II. Our God has different modes of giving intimations of Himself. We cannot learn all that we are able to know of Him in any one spot, or by any one transaction. To lead us on He has employed grades, and built one scaffolding above another. There is matter which came from nothing at His bidding; and in this world we may learn something of His control over matter. We may lift our eyes beyond this world, and as we look out upon the stars, we may add to our knowledge of God’s government over material things. Beyond matter is mind. Beyond mere intelligence there is a kingdom of sensibilities. Still beyond there is a moral kingdom. The world of grace is still higher. Redemption—the salvation of sinners—is not a matter of mere creation, or mere government or recovery from ruin merely; it is a matter of mercy to the sinning and the punishment of sin. This matter evidently lies beyond all others. “Stricken for my people” is just the amazing thing which the rising gradations of the revelations of God demand.

III. The mystery, the wonder of this redemption of sinners, bystripeslaid on Christ, accords with us, as well as it accords with God.

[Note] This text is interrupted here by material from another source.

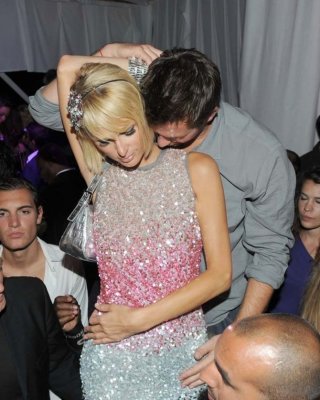 Paris hilton zeigt ihren atemberaubenden nackten Arsch
 #75395261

We are sinners. See what sin hath done. Some symbols of its mischief are visible. It blasted paradise, &c.! Sin has broken up our relations with God. Our Creator, our final Judge, is against us! The law which sin has broken is God’s law—the law for the immortal spirit—the law for eternity to come! Eternity! The mind staggers under the weight of that idea. To last on for ever, a sinner cut off from God, and no more at peace with myself than with Him; to feel eternally the gnawings of “the worm that dieth not” and the wrath of God! Sooner come annihilation! Now, in the presence of these wants, this sin which has no analogy, which has broken up our peace relations with God, this conscience, these agonies of a fearing spirit, and this dreadful eternity—what shall God do for us? What do we want Him to do? Just what He has done. We want Him to meet our infinite fears with His infinite offers, our worst foes with His ineffable grace; to show us while we stand trembling before His justice, that something has been done which that justice cannot find fault with—something which shall wave the peace-branch over the door into eternity! He has done it. It is His own work, on His own authority, like Him, and just because it has such wonders about it as the innocence and mysterious person of a suffering Christ, our faith can trust it. Where we most fear, God is most wonderful. The excellence and the innocence of the sacrifice as the ground of our peace, shows us that the august redemption perfectly assorts with the ineffable woes and wants of our sinful condition.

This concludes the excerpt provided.